= YOUR ASSIGNMENT =
From the first line to the last, restate the material word for word, omitting pictures.

= SOURCE MATERIAL =
——————————

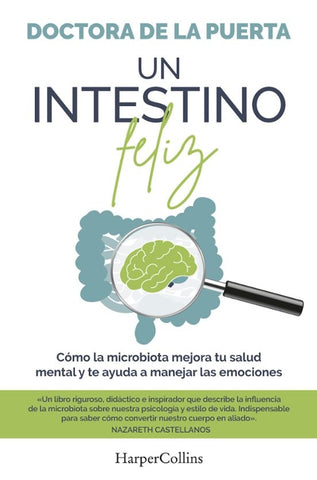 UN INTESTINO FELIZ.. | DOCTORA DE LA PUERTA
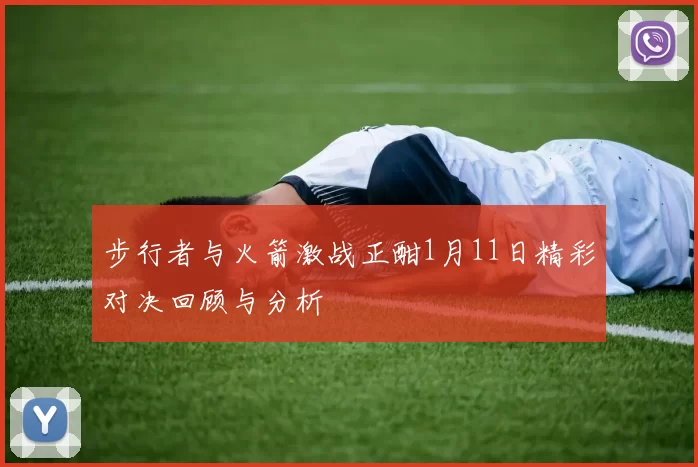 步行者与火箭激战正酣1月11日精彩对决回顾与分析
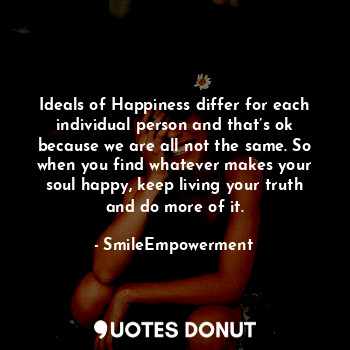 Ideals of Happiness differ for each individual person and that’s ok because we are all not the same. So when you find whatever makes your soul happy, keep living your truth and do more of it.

——————————

= OUTPUT OF THE TASK =
 UN INTESTINO FELIZ.. | DOCTORA DE LA PUERTA
 步行者与火箭激战正酣1月11日精彩对决回顾与分析
 Ideals of Happiness differ for each individual person and that’s ok because we are all not the same. So when you find whatever makes your soul happy, keep living your truth and do more of it.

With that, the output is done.